We treated MCF7 cells with HRG-β1 and detected FASN, ErbB2, and LDHA protein levels. We found that HRG-β1 upregulated FASN, ErbB2 and LDHA protein levels whereas cerulenin reversed such upregulation (Fig. 4A). We further found that HRG-β1 induced both glucose uptake and lactate production with cerulenin reversing such an induction in MCF7 cells (Fig. 4B). Moreover, HRG-β1 treatment in MCF7 cells greatly increased wound closure and number of migrated cells, while cerulenin overcame such increases (Fig. 4C and D). This result suggests that FASN plays an important role in HRG-β1-indcued glycolysis and migration.
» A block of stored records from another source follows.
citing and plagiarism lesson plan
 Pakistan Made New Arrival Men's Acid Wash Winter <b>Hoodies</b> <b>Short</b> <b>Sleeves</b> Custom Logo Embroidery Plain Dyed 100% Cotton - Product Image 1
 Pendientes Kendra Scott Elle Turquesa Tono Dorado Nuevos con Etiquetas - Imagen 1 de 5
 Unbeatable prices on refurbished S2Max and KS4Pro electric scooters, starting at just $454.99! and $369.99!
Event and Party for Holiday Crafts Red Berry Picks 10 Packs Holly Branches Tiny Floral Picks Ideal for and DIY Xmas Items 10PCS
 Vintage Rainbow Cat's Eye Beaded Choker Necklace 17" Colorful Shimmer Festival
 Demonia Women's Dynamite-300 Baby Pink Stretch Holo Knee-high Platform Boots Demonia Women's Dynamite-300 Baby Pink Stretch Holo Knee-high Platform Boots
In order to further demonstrate that glycolysis is required for cell migration, we treated MCF7 cells with HRG-β1 and detected LDHA protein levels. We found that HRG-β1 greatly upregulated LDHA protein levels while both 2-DG and OX reversed the upregulation (Fig. 5A). Moreover, both 2-DG and OX reversed HRG-β1-induced glycolysis (Fig. 5B) and cell migration (Fig. 5C and D). These results suggest that HRG-β1-induced glycolysis promotes cell migration whereas glycolysis inhibition by 2-DG or OX reverses such effects.